I thought my feeder would attract red birds, robins, blue jays, goldfinches, woodpeckers, bluebirds, and other colorful, flashy songbirds. And some of those birds that I wanted to see did come. But mostly the feeder attracted not the pretty, rare birds, but the common, dull ones: Sparrows, crows, and starlings.
What were they doing at my feeder? I wanted rare, colorful, attractive songbirds. But what I mostly got were birds that were ordinary, dull, and unattractive.
One day my elderly, next door neighbor said how much she enjoyed watching my feeder. But I told her how disappointed I felt about it. In response she said this, “God loves them all. You should, too.” I was speechless. She was right.
I remember those wise words when my old, mistaken opinion arises not when I think about birds, but when I think about my days.
I want my life to be filled with attractive days filled only with sunshine, happiness, and success – and those days do come. Sometimes. But my life is mostly common days filled with ordinary, unremarkable things like struggle, uncertainty, and thankless tasks like cleaning the toilet and taking out the trash.
Given that, when I come to the story of Jesus’ Transfiguration, I mostly read it with a sense of envy: What doesn’t my walk with the Lord have more mountaintop moments like this? This moment described in Scripture is like seeing a bald eagle. My moments mostly involve seeing another, boring old sparrow.
But what if my neighbor was not only right about God loving every bird, but also about God loving every moment? About God being in every moment? And about God loving us and being present to us in every, common moment of our lives? If that is so, then God is here, right now – hiding in plain sight.
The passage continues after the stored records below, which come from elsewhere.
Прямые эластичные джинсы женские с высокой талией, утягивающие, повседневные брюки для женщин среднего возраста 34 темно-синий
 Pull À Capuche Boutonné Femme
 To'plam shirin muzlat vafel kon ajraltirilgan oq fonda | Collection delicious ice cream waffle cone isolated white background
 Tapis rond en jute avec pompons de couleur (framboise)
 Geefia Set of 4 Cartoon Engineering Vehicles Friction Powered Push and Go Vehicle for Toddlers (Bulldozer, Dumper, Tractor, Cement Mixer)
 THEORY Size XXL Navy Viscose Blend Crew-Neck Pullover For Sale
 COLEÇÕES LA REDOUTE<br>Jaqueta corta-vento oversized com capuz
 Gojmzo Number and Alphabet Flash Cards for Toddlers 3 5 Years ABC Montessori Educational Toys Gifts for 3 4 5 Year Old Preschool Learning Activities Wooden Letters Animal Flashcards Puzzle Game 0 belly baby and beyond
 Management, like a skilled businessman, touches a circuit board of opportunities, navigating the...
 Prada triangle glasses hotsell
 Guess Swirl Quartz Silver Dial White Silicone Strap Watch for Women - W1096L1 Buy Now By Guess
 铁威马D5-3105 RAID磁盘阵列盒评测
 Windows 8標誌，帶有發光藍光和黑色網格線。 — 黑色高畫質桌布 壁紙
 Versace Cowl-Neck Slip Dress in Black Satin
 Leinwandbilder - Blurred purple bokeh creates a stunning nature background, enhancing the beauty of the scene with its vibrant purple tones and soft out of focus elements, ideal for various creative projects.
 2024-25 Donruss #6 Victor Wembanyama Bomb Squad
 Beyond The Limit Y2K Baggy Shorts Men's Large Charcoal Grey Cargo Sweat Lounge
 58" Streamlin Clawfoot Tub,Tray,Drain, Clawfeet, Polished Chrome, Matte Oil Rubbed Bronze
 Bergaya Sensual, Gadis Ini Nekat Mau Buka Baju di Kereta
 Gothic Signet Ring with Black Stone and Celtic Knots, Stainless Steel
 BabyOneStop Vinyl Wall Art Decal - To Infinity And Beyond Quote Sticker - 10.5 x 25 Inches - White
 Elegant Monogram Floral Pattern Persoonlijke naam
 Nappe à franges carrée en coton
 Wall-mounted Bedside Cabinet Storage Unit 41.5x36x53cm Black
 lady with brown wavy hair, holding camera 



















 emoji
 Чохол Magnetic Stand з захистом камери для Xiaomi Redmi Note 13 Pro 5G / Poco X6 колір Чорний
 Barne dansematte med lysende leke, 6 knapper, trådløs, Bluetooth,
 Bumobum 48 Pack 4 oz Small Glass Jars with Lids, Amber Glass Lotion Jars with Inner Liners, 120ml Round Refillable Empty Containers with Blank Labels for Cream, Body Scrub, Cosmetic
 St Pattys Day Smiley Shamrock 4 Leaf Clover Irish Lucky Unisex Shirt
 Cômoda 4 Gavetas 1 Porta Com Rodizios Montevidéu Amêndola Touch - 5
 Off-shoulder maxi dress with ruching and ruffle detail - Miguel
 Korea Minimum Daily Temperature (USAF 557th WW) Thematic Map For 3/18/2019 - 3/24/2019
After all, that was the point of the Transfiguration: The disciples finally got it: That Jesus was who he said he was. If that is the case, then that realization and joy can be ours as well.
The Catholic spiritual writer Richard Rohr sums it up this way: If Jesus is the face of God, then we can trust that God is good and we are loved and that all shall be well. You don’t have to trudge up a mountain to find that rarified truth. That truth is right here – permeating all our “common” moments; empowering us in all our struggles; even accompanying us in moments that seem unremarkable, tedious and even terrible.
After all, isn’t that the ultimate truth of the cross? That no place is too terrible; no moment is too dark; and no fate is so doomed that Christ will not enter into it out of solidarity with us. Christ is with us in it all. And Christ shall bring us through it all. That is the truth of Easter and the promise of the Resurrection.
If we keep faith in that truth as we walk with Christ through the common moments of our lives, maybe they won’t seem so ordinary or overwhelming – or under-whelming! Maybe if we can keep sight of that in the valleys of our lives, then we won’t envy or need anything “higher,” “better,” or more “glorious.” Maybe we will realize that in the mixture of success and failure, joy and pain that comes to all of us that Christ is with us in it all – and that is all we need.
Maybe if we just hold onto that, we would begin to see the miraculous in the everyday, the extraordinary within the ordinary, and the glory of the mountaintop moment in our common, valley floor days. Maybe then we wouldn’t crave the special quite so much and we could begin to savor and enjoy the grace God gives us all the time. Maybe then, like Peter, James, and John, we would only see Jesus – and that grace would be more than enough.